Kernel flip modules aim to learn the flip equivariance through generated flipped copies of input features with multiple flip versions of kernels. For our proposed method, we use only two branches of flipped kernels: the original one and the single-axis flipped one. When the processed Radon feature, after passing through several layers, is input into this module, weight-sharing flipped kernels output a flipped feature set without increasing the number of trainable parameters, ensuring model efficiency. By learning this flip variation on Radon-based features, our model is capable of acquiring flip equivariant properties in addition to rotation equivariance. As the main consideration for our narrow branch structure, as described in “Related works”, there exists a trade-off between generalization performance and the number of branches; therefore, the only additional single branch may lead to a weak flip-equivariant performance. However, as described in “Problem formulation”, obtaining flip equivariance on a rotation-equivariant representation corresponds to all directions of flip equivariance. After generating a flipped feature set, the max-out module then takes the most active features element-by-element to pass to the CNN classifier module while aiming at efficient memory flow inside the network and the drop-out effect. Finally, the obtained rotation and flip equivariant features from the Radon and kernel flip modules make it possible to learn the rotation and flip invariance with the CNN classifier.

Multi-branch LRP

In this study, we adopted the LRP to evaluate our method in a qualitative manner not only to recognize the effect on inference based on the Radon feature in accordance with the original wafer map-based prediction but also to verify that our proposed model works as intended. The LRP is primarily used to comprehend the model inference using an interpretability-based approach to deep learning-based models.

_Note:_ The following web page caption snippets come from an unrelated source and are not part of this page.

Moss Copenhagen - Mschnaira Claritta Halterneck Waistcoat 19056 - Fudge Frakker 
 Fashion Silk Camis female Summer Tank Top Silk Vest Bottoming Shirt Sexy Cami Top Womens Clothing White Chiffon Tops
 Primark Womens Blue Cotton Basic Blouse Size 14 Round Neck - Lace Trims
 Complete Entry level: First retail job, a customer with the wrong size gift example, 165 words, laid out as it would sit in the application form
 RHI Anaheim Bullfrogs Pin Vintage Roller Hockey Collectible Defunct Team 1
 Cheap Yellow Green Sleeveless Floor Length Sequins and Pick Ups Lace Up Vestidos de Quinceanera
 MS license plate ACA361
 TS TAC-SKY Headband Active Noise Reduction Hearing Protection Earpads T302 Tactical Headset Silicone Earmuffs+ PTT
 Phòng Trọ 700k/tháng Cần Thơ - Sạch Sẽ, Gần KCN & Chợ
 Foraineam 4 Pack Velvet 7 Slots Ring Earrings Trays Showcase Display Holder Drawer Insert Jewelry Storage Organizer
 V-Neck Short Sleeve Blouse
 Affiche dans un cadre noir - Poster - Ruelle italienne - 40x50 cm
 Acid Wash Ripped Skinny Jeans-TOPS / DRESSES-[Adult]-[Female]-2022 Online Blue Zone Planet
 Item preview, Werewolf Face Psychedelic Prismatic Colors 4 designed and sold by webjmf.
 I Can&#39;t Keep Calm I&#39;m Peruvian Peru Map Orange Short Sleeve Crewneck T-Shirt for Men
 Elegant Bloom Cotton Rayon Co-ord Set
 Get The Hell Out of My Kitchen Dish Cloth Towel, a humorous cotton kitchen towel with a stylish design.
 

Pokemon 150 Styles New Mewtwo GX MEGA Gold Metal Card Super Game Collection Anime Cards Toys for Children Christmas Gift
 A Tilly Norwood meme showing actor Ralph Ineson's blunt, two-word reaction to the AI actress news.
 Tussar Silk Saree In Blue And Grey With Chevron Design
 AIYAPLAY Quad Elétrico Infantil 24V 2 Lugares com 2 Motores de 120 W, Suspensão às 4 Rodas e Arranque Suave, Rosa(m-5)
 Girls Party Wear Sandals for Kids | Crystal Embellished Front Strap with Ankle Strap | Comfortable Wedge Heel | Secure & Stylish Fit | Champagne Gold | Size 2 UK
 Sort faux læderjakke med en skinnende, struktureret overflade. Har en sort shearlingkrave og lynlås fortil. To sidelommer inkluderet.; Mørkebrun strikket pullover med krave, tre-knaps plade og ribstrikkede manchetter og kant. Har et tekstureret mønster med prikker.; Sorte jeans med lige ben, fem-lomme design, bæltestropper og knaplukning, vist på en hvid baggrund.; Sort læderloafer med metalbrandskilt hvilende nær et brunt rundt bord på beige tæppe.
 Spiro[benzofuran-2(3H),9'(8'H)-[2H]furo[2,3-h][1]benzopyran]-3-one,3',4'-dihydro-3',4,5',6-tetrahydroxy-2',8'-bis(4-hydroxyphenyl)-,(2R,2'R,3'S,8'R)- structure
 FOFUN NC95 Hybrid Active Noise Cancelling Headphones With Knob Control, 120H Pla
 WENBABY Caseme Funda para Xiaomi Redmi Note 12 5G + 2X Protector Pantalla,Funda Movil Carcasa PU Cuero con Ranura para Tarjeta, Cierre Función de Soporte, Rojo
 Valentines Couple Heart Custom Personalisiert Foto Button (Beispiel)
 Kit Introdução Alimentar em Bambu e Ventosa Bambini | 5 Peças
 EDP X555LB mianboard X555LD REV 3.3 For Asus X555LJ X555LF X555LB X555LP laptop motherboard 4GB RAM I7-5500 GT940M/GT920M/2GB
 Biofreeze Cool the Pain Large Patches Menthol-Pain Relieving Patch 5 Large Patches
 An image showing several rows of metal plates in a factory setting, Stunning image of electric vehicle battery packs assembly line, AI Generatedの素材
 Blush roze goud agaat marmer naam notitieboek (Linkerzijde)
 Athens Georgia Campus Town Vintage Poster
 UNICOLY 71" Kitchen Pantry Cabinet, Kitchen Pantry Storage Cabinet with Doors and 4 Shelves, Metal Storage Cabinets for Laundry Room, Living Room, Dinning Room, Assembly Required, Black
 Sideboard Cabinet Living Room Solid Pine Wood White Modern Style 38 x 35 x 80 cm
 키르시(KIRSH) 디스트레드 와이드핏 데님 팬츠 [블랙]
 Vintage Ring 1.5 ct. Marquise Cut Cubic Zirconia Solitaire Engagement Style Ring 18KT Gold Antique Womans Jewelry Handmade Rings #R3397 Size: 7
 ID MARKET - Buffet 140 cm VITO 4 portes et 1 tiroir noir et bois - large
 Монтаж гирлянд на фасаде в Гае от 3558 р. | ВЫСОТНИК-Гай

Based on the deep Taylor decomposition method described by Eq. (13), the relevance score can be obtained by output prediction, where a is a root point of the Taylor series and \(\epsilon\) is a substituted term for the Taylor series’ higher-order polynomial terms. By sequentially repeating the relevance propagation to previous layers, the input layer’s relevance scores can finally be obtained.

$$f\left(x\right)=f\left(a\right)+ \sum_{i=1}^{d}\partial f/\partial {x}_{i}{\vert}_{x=a}\left(x-a\right)+\epsilon = {\sum }_{i}{R}_{i}$$
(13)

To apply this technique to our model, there is a structural consideration that it is difficult to propagate the relevance score as-is because our model is a multi-branch model. To the best of our knowledge, the LRP method has not been used in a complicated structure such as a multi-branch CNN before. Herein, we propose a novel LRP method for the multi-branch structure, as depicted in Fig. 1. When the relevance score has arrived at the kernel flipping modules, two relevance scores are generated after passing each kernel. The propagation of the separated relevance score provides multiple relevance scores that are unrelated to the model judgment grounds at the input layer. To solve this structural problem, we concatenate both relevance scores and both kernels by channel axis. Then, we propagate the relevance through the concatenated relevance feature and kernel to generate a combined relevance score.

Results and discussion

Experiment

Data description

In general, wafer map patterns are categorized into seven classes based on their cluster position and shape, which has specific process conditions and effects27: center, donut, edge-loc, ring, loc, scratch, and random. For example, the center type has the effect of problems in the plasma area28 or thin-film deposition, and the edge-loc type has the same effect as uneven heating during the diffusion process. Therefore, it has been considered an important task to classify them and determine the state of the process so that the cause of process deterioration can be estimated. Existing machine learning-based wafer sorting tasks have mainly been researched under two scenarios: individual fab data and open data27, each with pros and cons. Using private data is advantageous for optimizing the problem at hand, but methodological generalizations are difficult. However, publicly available data are easier to compare with other methods, implying that the method’s generalization could be claimed; hence, it is preferable to utilize it for verification.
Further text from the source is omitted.